Dataset records:
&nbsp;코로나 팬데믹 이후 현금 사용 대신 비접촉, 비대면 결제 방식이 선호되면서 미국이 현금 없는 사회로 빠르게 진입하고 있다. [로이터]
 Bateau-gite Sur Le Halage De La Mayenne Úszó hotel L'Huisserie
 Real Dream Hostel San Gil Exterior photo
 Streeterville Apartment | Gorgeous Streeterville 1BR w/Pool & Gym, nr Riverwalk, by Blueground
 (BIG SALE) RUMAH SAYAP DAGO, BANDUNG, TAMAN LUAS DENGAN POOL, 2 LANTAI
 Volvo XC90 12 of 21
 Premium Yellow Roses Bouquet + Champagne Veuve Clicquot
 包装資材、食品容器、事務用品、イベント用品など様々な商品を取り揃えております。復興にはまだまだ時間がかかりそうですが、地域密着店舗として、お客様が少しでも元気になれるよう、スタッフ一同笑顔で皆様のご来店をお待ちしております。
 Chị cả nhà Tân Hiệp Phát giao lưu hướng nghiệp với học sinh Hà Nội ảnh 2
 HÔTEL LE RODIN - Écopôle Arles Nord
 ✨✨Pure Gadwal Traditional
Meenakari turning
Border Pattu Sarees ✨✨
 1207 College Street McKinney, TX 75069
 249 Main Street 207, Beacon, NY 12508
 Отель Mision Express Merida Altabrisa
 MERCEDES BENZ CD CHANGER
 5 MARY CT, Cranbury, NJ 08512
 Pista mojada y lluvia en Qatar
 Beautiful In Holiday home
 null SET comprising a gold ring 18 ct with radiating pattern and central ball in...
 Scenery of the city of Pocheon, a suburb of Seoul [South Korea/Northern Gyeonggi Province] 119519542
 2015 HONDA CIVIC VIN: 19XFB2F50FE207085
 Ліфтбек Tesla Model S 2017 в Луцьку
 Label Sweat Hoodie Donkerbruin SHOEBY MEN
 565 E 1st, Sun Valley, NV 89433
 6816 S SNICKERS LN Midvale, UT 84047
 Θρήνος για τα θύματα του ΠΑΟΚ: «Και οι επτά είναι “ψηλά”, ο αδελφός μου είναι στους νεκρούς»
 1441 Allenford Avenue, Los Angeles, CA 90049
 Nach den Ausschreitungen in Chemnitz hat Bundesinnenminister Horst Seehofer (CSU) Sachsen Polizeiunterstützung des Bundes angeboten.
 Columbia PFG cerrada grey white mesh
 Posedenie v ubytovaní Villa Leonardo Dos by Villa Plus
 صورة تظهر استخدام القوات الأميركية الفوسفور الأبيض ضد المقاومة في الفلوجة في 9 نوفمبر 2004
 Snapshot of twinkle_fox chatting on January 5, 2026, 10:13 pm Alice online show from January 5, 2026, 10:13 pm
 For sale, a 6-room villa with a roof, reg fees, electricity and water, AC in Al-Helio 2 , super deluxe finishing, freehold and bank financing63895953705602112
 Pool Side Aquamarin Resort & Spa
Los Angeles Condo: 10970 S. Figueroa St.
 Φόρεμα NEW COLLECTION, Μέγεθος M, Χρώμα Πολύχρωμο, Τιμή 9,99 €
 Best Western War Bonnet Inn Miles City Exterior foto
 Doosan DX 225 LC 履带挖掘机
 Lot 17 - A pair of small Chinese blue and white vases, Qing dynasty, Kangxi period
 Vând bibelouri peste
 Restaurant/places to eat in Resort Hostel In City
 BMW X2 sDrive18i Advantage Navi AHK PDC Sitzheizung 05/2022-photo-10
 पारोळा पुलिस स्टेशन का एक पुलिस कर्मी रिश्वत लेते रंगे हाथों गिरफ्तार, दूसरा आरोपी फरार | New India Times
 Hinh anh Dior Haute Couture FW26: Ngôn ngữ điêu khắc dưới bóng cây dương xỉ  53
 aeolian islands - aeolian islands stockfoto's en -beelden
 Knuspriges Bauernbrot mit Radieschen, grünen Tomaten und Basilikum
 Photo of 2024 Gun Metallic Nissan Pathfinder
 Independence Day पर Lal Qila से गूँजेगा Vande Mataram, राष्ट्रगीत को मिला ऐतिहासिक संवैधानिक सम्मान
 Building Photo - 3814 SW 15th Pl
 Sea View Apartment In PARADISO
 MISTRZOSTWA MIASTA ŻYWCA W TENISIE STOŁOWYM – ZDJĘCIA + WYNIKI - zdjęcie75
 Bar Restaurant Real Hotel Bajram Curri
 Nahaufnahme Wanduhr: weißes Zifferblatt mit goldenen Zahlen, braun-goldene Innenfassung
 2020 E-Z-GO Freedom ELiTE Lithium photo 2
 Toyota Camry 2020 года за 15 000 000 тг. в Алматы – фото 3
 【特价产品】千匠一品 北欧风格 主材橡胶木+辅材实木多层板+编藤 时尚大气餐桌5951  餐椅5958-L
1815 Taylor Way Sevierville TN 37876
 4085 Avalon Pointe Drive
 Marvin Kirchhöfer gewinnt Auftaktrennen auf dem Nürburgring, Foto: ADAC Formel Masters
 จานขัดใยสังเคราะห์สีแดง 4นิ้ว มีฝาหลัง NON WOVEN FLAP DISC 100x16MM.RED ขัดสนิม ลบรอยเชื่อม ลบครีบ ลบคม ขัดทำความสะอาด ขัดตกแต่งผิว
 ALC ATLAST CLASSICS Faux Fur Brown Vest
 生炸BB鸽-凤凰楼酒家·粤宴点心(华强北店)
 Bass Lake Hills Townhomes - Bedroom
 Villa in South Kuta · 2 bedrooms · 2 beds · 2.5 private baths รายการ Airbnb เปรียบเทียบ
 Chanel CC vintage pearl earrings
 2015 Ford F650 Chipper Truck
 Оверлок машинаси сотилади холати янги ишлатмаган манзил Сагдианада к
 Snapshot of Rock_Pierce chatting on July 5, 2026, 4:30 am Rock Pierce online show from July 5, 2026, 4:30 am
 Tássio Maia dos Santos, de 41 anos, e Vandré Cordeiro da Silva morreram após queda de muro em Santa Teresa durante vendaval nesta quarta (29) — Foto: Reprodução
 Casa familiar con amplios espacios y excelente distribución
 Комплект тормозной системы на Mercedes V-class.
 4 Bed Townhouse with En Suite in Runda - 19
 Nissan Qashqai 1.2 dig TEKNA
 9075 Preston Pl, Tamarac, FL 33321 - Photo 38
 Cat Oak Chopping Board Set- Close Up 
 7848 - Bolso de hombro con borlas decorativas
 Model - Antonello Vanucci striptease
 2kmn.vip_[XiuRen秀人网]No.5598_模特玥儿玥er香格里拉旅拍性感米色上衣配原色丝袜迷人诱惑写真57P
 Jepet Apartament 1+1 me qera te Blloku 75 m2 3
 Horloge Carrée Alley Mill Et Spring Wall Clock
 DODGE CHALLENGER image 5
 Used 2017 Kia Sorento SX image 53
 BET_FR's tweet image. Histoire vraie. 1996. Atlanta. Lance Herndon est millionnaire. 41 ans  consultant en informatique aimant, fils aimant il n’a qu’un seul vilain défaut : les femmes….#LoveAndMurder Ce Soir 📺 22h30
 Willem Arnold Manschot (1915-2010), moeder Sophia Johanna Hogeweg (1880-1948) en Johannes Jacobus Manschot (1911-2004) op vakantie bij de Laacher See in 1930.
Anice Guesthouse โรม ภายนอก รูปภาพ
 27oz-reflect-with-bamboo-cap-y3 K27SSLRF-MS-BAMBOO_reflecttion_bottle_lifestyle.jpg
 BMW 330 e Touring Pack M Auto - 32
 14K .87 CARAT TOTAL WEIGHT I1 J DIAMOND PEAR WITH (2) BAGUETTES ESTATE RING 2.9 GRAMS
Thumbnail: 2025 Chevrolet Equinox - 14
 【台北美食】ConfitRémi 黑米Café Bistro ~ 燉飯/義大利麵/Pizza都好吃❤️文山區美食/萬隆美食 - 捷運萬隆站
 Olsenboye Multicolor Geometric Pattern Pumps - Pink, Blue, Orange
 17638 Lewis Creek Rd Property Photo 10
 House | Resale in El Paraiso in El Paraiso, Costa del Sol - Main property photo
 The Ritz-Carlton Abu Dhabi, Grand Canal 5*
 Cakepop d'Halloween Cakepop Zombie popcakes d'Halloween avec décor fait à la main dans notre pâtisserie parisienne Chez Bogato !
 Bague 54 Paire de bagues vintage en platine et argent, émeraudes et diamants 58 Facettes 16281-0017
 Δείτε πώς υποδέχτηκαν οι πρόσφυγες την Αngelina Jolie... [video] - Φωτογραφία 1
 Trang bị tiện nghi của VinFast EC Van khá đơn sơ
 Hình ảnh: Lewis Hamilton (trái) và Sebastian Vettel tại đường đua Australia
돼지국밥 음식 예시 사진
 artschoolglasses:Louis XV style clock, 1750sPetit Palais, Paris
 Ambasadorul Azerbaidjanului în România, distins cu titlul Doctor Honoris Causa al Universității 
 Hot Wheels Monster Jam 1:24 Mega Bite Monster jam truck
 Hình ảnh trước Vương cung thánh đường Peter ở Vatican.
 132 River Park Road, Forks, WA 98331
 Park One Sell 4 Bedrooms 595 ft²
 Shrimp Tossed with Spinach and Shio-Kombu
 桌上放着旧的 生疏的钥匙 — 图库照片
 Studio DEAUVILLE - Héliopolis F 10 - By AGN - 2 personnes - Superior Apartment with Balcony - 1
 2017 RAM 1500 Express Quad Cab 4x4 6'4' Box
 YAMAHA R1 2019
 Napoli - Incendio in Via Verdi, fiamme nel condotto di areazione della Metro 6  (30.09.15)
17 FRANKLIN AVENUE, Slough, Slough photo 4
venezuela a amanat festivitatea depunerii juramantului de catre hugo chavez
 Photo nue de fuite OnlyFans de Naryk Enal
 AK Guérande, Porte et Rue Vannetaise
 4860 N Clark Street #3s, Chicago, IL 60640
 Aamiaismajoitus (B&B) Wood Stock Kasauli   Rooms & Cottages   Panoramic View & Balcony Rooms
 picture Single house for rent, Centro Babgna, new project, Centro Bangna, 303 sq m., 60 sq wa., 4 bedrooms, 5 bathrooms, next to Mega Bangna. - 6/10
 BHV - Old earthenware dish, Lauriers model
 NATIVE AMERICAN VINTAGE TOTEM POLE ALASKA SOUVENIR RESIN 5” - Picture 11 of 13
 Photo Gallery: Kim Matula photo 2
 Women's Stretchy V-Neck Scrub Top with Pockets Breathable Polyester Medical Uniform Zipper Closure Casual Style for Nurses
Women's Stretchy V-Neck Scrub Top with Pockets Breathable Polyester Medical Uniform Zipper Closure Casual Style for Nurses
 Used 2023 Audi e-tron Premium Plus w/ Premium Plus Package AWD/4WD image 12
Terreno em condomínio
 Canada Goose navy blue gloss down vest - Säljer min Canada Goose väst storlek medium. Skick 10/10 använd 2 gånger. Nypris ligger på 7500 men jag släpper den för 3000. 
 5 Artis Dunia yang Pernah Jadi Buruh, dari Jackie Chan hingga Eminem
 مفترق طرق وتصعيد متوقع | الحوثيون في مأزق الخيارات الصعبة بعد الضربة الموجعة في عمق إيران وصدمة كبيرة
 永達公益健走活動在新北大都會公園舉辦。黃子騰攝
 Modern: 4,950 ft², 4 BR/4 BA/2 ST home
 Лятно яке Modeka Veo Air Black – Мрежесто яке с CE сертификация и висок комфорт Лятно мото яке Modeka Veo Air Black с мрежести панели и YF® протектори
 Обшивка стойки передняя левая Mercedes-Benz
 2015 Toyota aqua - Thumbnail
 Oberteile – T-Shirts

## [TASK]
Using the data above, extract exactly the lines from the one that holds "Independence Day पर" to the one that holds "Model - Antonello Vanucci striptease", both ends included, and no others.

## [REPLY TO THE EXERCISE]
 Independence Day पर Lal Qila से गूँजेगा Vande Mataram, राष्ट्रगीत को मिला ऐतिहासिक संवैधानिक सम्मान
 Building Photo - 3814 SW 15th Pl
 Sea View Apartment In PARADISO
 MISTRZOSTWA MIASTA ŻYWCA W TENISIE STOŁOWYM – ZDJĘCIA + WYNIKI - zdjęcie75
 Bar Restaurant Real Hotel Bajram Curri
 Nahaufnahme Wanduhr: weißes Zifferblatt mit goldenen Zahlen, braun-goldene Innenfassung
 2020 E-Z-GO Freedom ELiTE Lithium photo 2
 Toyota Camry 2020 года за 15 000 000 тг. в Алматы – фото 3
 【特价产品】千匠一品 北欧风格 主材橡胶木+辅材实木多层板+编藤 时尚大气餐桌5951  餐椅5958-L
1815 Taylor Way Sevierville TN 37876
 4085 Avalon Pointe Drive
 Marvin Kirchhöfer gewinnt Auftaktrennen auf dem Nürburgring, Foto: ADAC Formel Masters
 จานขัดใยสังเคราะห์สีแดง 4นิ้ว มีฝาหลัง NON WOVEN FLAP DISC 100x16MM.RED ขัดสนิม ลบรอยเชื่อม ลบครีบ ลบคม ขัดทำความสะอาด ขัดตกแต่งผิว
 ALC ATLAST CLASSICS Faux Fur Brown Vest
 生炸BB鸽-凤凰楼酒家·粤宴点心(华强北店)
 Bass Lake Hills Townhomes - Bedroom
 Villa in South Kuta · 2 bedrooms · 2 beds · 2.5 private baths รายการ Airbnb เปรียบเทียบ
 Chanel CC vintage pearl earrings
 2015 Ford F650 Chipper Truck
 Оверлок машинаси сотилади холати янги ишлатмаган манзил Сагдианада к
 Snapshot of Rock_Pierce chatting on July 5, 2026, 4:30 am Rock Pierce online show from July 5, 2026, 4:30 am
 Tássio Maia dos Santos, de 41 anos, e Vandré Cordeiro da Silva morreram após queda de muro em Santa Teresa durante vendaval nesta quarta (29) — Foto: Reprodução
 Casa familiar con amplios espacios y excelente distribución
 Комплект тормозной системы на Mercedes V-class.
 4 Bed Townhouse with En Suite in Runda - 19
 Nissan Qashqai 1.2 dig TEKNA
 9075 Preston Pl, Tamarac, FL 33321 - Photo 38
 Cat Oak Chopping Board Set- Close Up 
 7848 - Bolso de hombro con borlas decorativas
 Model - Antonello Vanucci striptease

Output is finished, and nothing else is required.